2.3. De vreemdeling heeft gelet op hetgeen is weergegeven onder 2.1 en 2.2 terecht aangevoerd dat zowel in het ambtsbericht als in voormelde uitspraak, waarin dit ambtsbericht is betrokken, een onderscheid wordt gemaakt tussen huiskerken, waaronder niet-geregistreerde huiskerken, en evil cults (vergelijk de uitspraak de Afdeling van 15 november 2016, ECLI:NL:RVS:2016:3007, onder 4.2). De staatssecretaris heeft aan zijn standpunt dan ook ten onrechte ten grondslag gelegd dat evil cults niet-geregistreerde huiskerken zijn en daarom de uitspraak van 4 maart 2016 ten onrechte van toepassing geacht. Daarnaast heeft hij ten onrechte niet beoordeeld of uit de onder 2. weergegeven stukken kan worden afgeleid dat de vreemdeling wegens het behoren tot de Eastern Lightning Group een gegronde vrees heeft voor vervolging of een reëel risico loopt op een behandeling in strijd met artikel 3 van het EVRM. Anders dan de rechtbank heeft overwogen, heeft de staatssecretaris het besluit dan ook onzorgvuldig voorbereid en ondeugdelijk gemotiveerd. De grieven slagen reeds hierom.

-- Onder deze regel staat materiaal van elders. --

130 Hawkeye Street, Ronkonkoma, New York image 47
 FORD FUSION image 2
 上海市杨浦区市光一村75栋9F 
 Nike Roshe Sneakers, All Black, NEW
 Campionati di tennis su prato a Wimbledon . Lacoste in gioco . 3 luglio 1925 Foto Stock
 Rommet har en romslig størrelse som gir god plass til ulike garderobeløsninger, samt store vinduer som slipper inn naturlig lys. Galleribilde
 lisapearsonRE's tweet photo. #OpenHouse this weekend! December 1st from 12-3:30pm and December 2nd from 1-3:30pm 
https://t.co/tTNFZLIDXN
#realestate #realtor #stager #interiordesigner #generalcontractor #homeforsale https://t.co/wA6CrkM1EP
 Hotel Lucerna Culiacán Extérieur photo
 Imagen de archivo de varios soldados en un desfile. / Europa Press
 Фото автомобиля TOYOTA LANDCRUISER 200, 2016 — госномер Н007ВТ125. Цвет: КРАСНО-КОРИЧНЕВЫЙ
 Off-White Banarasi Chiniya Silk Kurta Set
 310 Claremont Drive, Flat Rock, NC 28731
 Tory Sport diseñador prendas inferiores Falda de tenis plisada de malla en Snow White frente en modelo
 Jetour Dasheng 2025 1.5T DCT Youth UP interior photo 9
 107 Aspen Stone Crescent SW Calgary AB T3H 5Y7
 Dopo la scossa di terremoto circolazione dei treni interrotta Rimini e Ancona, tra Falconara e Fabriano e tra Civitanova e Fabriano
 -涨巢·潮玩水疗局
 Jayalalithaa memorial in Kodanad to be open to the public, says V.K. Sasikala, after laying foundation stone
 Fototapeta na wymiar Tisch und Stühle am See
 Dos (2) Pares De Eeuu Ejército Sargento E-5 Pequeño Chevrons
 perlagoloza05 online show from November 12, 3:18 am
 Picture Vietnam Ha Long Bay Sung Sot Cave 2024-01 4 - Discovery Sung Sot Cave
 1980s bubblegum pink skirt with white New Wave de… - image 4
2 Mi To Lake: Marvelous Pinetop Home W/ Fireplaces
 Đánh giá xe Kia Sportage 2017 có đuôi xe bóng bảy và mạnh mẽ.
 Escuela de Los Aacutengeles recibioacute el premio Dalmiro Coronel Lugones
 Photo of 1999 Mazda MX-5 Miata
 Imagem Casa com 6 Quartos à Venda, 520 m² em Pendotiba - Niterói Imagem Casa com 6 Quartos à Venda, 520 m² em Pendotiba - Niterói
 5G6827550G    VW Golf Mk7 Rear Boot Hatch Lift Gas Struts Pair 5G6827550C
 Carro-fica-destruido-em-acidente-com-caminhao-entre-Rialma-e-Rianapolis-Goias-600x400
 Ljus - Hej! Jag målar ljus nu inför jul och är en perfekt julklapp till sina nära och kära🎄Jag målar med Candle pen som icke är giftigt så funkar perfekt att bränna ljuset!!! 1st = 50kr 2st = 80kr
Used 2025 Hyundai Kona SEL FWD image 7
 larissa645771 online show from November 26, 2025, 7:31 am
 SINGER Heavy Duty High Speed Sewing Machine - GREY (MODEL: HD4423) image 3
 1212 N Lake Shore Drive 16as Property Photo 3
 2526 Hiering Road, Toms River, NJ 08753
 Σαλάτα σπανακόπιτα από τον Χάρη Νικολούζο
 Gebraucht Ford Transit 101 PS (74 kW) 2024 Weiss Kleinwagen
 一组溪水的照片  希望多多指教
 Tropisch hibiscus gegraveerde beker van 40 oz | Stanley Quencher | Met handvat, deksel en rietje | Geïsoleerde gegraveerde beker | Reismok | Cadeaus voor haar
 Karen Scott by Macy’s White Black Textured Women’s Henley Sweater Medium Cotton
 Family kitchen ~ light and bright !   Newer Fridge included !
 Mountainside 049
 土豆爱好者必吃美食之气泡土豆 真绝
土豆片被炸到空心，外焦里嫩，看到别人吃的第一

3. Het hoger beroep is reeds hierom kennelijk gegrond. Hetgeen voor het overige in hoger beroep is aangevoerd, behoeft daarom geen bespreking. De aangevallen uitspraak moet worden vernietigd. Doende hetgeen de rechtbank zou behoren te doen, wordt het beroep gegrond verklaard en het besluit van 18 februari 2016 wegens strijd met de artikelen 3:2 en 3:46 van de Awb vernietigd. Dit betekent dat de staatssecretaris met inachtneming van hetgeen onder 2.3 is overwogen opnieuw op de aanvraag van de vreemdeling moet beslissen. De staatssecretaris moet in dit besluit ook ingaan op het betoog van de vreemdeling in het nader stuk dat aan een andere vreemdeling, die tot de Eastern Lightning Group behoort, reeds om die reden een verblijfsvergunning asiel voor bepaalde tijd is verleend.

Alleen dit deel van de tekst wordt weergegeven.